Der Beklagte ist der Auffassung, dass die der Kündigung zu Grunde gelegte Frist des § 113 InsO der in dem Arbeitsvertrag vereinbarten längeren gesetzlichen Frist vorgeht. Er beantragt,
das Urteil des Arbeitsgerichts Berlin vom 25.1.2007 – 38 Ca 18513/06 – abzuändern und die Klage abzuweisen.
Der Kläger beantragt,
die Berufung zurückzuweisen.
Er verteidigt die angefochtene Entscheidung, der gemäß § 113 InsO nicht auf Arbeitsverhältnisse Anwendung findet, die der Insolvenzverwalter neu vereinbart. Zudem sei das Arbeitsverhältnis durch den Vertrag vom 1.9.2005 auf eine neue Grundlage gestellt worden. Durch die dort anerkannte Betriebszugehörigkeit habe der Beklagte bewusst auf die Kündigungsmöglichkeit nach § 113 InsO verzichtet.
Entscheidungsgründe
Die zulässige Berufung ist begründet. Über sie war durch Urteil zu entscheiden, weil der Beklagte der im Termin vom 11.7.2007 erklärten Klagerücknahme des Klägers die nach §§ 46 Abs. 2 ArbGG. Abs. 1 ZPO erforderliche Zustimmung versagt hat. Die Kündigung des Beklagten vom 20.9.2006 hat das Arbeitsverhältnis des Klägers zum 31.12.2006 beendet. Die Kündigungsfrist ist gemäß § 113 Satz 2 InsO zutreffend mit drei Monaten zum Monatsende berechnet und eingehalten worden. Die Beklagte konnte die Kündigung mit der Frist des § 113 InsO aussprechen.

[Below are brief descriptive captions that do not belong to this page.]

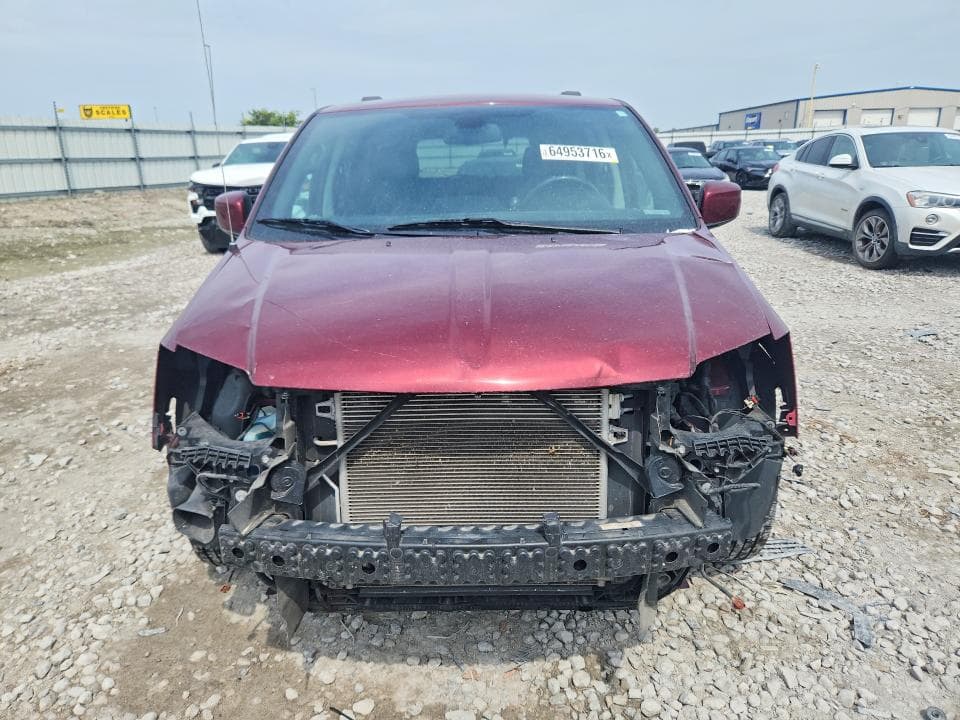 2018 DODGE GRAND CARAVAN SXT 5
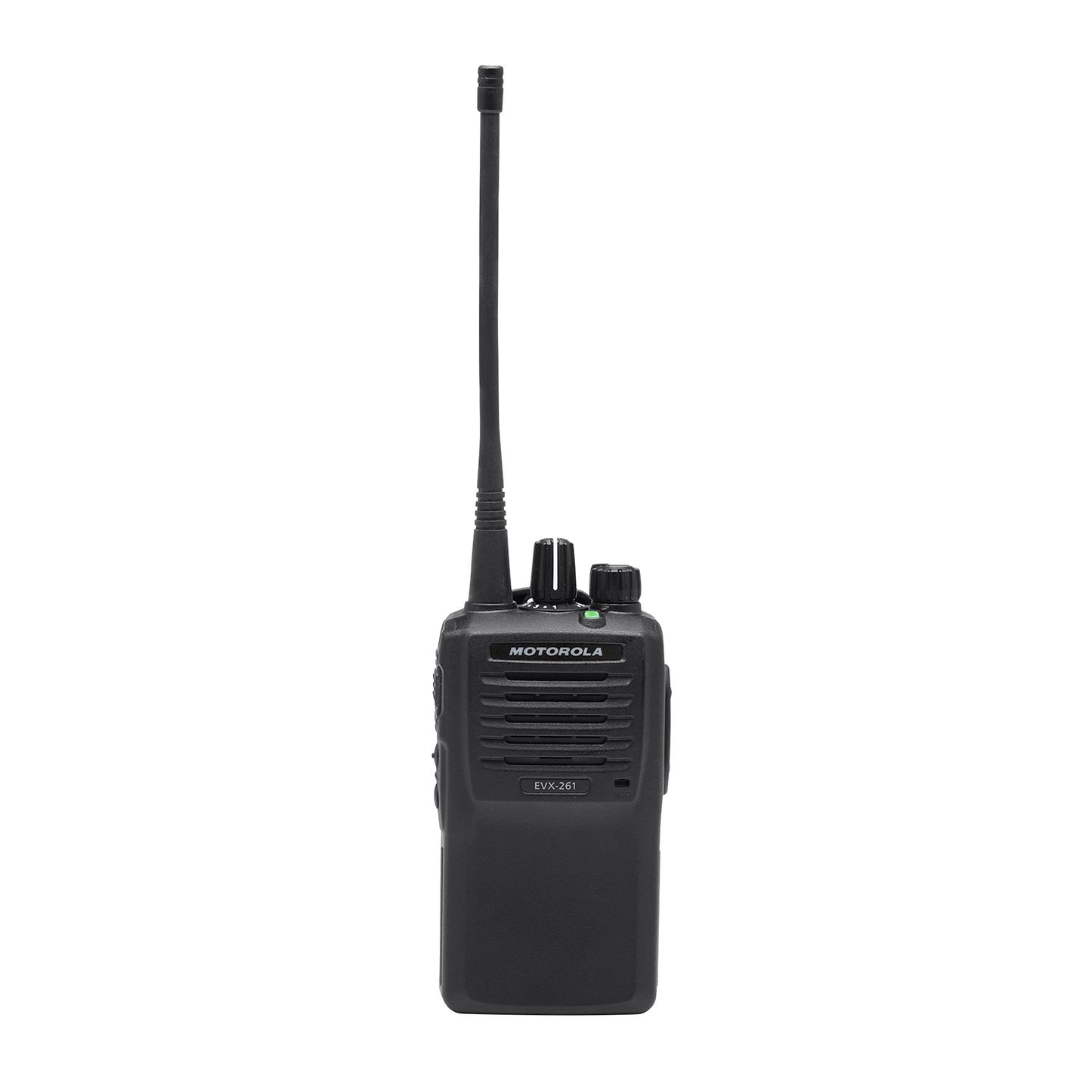 Motorola Solutions EVX-261 Digital Licensed Two-Way Radio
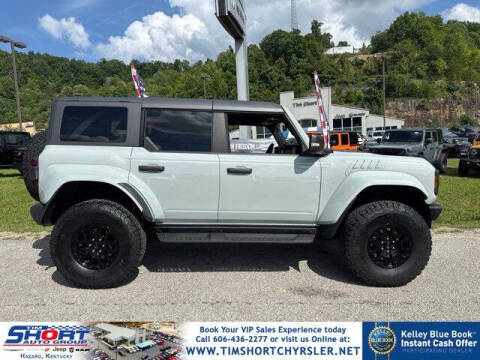 2024 Ford Bronco Raptor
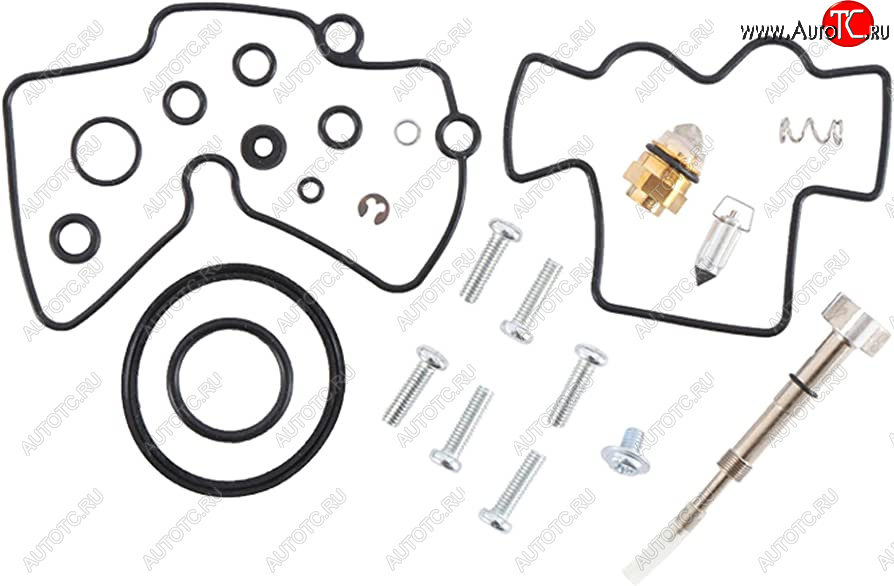6 399 р. Ремкомплект карбюратора Moose Racing KTM SX-F450 03-05, EXC450 03-04, SMR450 05 (26-1521)  10030909  с доставкой в г. Вологда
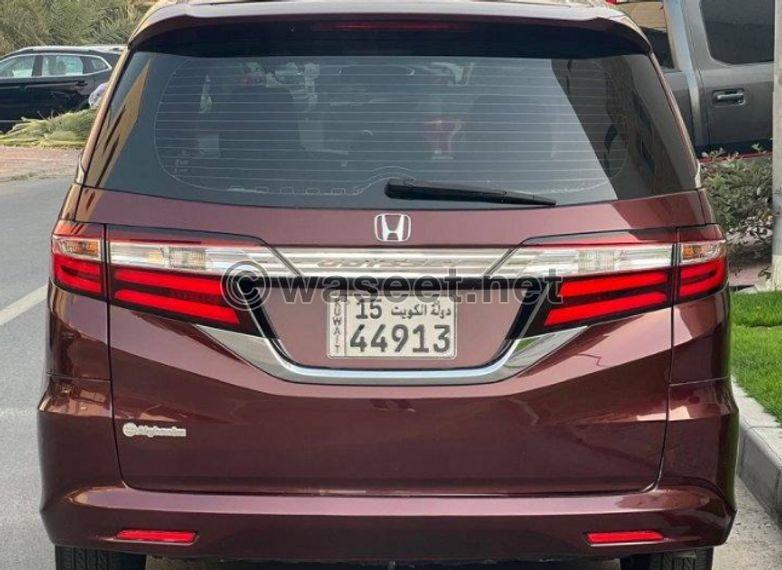Honda Odyssey 2017 for sale  3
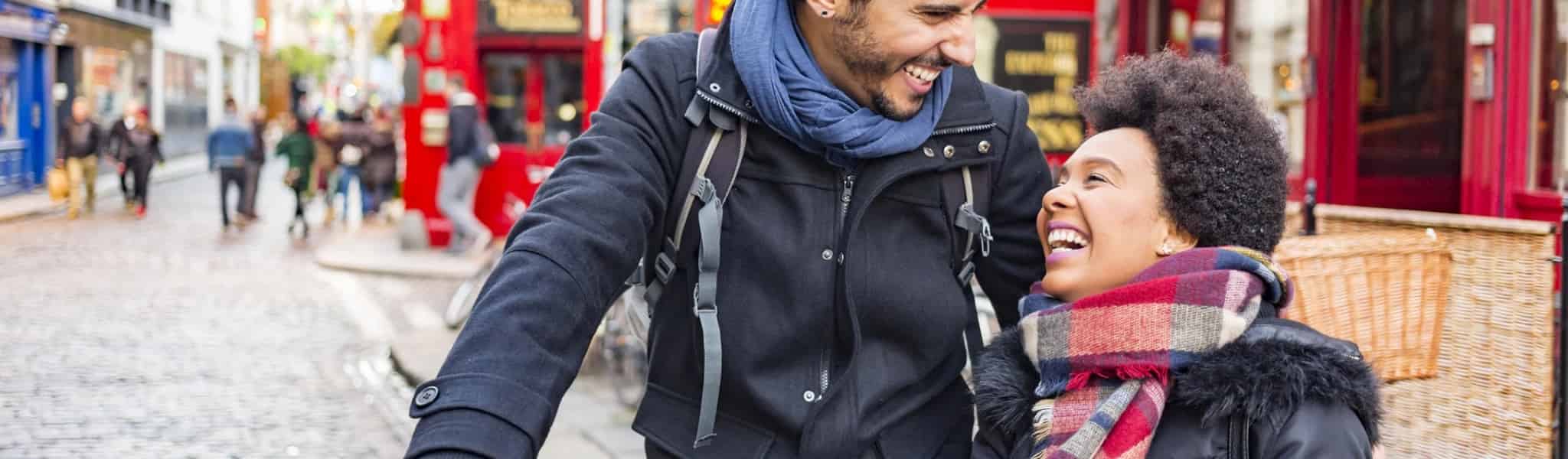 الوصول إلى بريطانيا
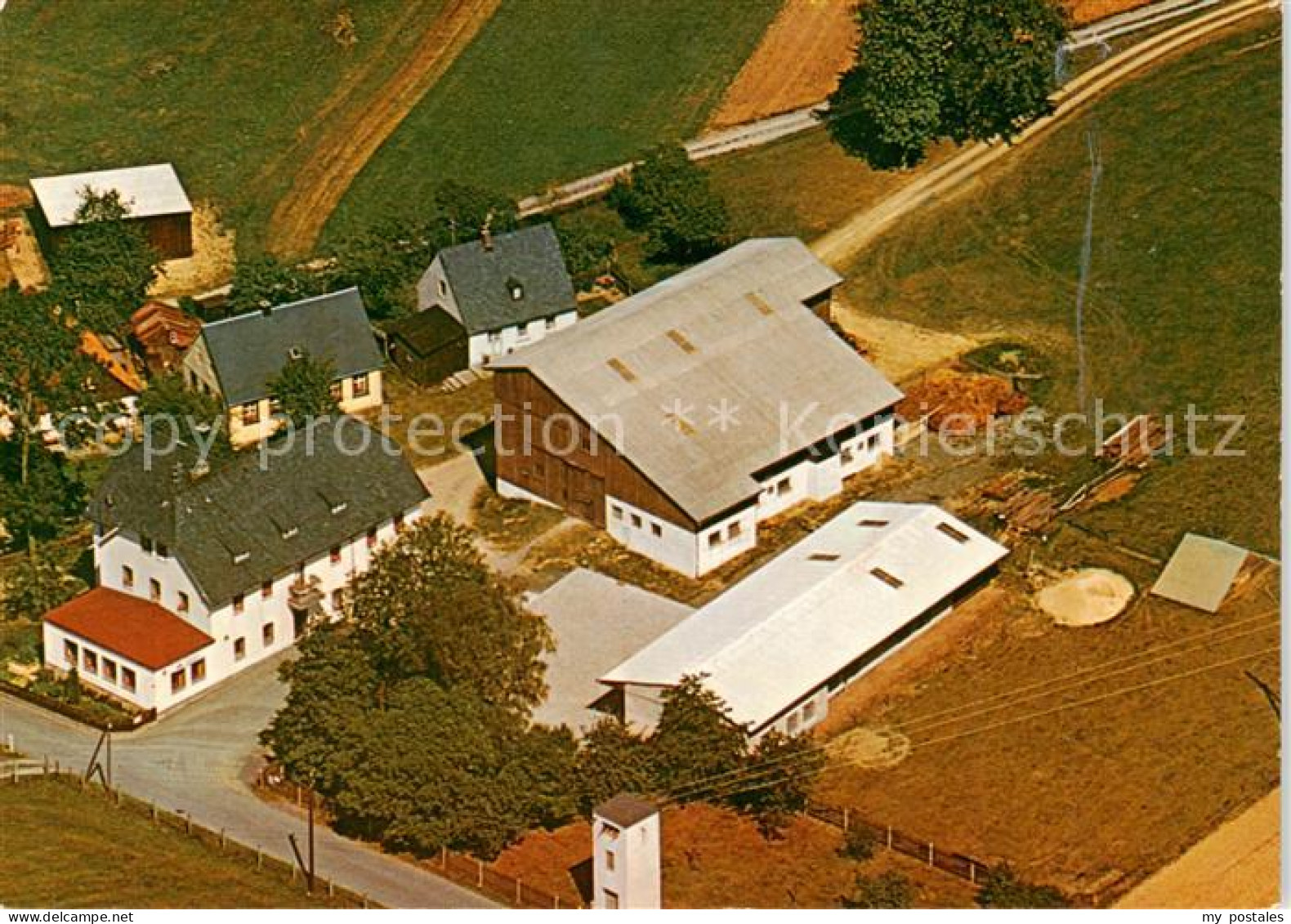 73855030 Gemeinreuth Wald Gasthof Und Pension Waldlust Gemeinreuth Wald - Other & Unclassified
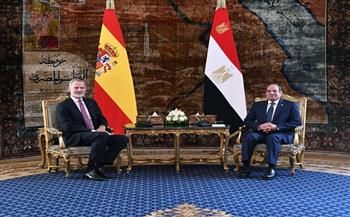 الرئيس السيسي يؤكد الرفض القاطع لأي مساعٍ لتهجير الشعب الفلسطيني خارج أرضه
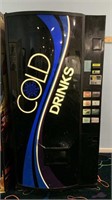 Cold drinks machine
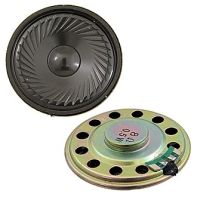 Динамик D=50мм  8 Ом 0.50W DXI50N-A 96680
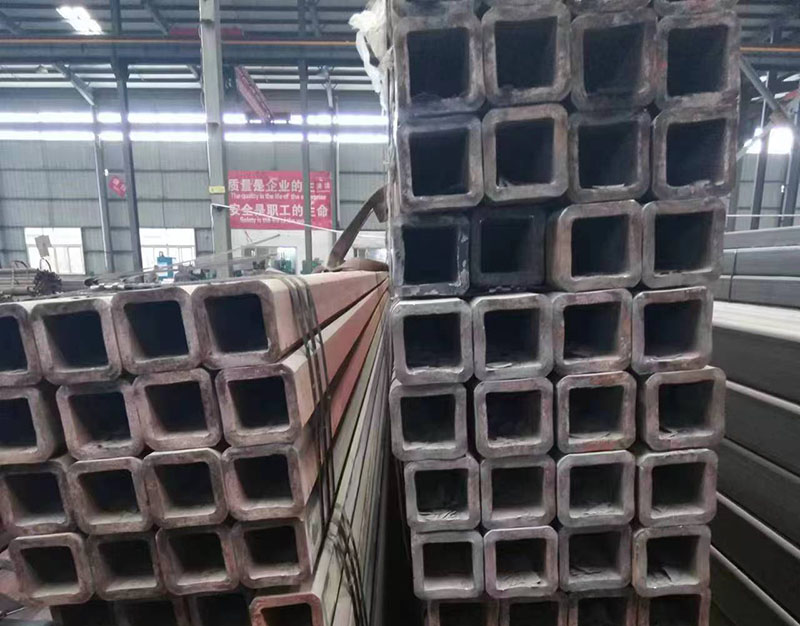 巴林左高韧性Q355B方管 低温冲击性能优良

1. Nach § 113 InsO beträgt die Frist für die Kündigung eines Dienstverhältnisses mit den Schuldner durch den Insolvenzverwalter drei Monaten zum Monats-ende, wenn nicht eine kürzere Frist maßgebend ist. Dienstverhältnis im Sinne der Vorschrift ist auch ein Arbeitsverhältnis. Längere gesetzliche, tarifvertrag-liche und einzelvertragliche Kündigungsfristen werden durch § 113 InsO verdrängt. Die sich für den Kläger aus § 622 Abs. 2 Nummer 5 BGB i.v.m. §§ 3 Abs. 2, 19 seines Arbeitsvertrages ergebende längere Kündigungsfrist kommt daher nicht zur Anwendung.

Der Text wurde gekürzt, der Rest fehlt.